— Exercise materials —
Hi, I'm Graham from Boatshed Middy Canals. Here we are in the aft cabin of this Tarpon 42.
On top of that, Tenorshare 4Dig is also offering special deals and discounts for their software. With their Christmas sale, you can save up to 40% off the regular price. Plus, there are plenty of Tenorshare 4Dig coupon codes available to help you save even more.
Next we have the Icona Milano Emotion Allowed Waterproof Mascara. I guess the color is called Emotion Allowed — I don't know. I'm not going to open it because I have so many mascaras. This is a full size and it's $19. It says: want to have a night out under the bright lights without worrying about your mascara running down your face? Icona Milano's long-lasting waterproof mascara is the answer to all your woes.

...

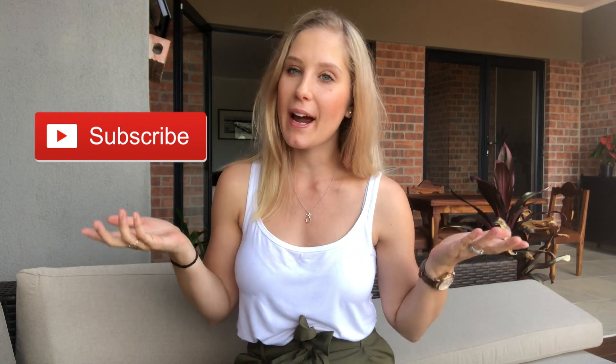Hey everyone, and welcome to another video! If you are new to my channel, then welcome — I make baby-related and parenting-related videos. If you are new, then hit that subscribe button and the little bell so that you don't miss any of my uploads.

— Task requirements —
Could you restate, word for word, the lines above from the one with "Hi, I'm Graham" to the one with "Next we have", both included?

— Response to the task —
Hi, I'm Graham from Boatshed Middy Canals. Here we are in the aft cabin of this Tarpon 42.
On top of that, Tenorshare 4Dig is also offering special deals and discounts for their software. With their Christmas sale, you can save up to 40% off the regular price. Plus, there are plenty of Tenorshare 4Dig coupon codes available to help you save even more.
Next we have the Icona Milano Emotion Allowed Waterproof Mascara. I guess the color is called Emotion Allowed — I don't know. I'm not going to open it because I have so many mascaras. This is a full size and it's $19. It says: want to have a night out under the bright lights without worrying about your mascara running down your face? Icona Milano's long-lasting waterproof mascara is the answer to all your woes.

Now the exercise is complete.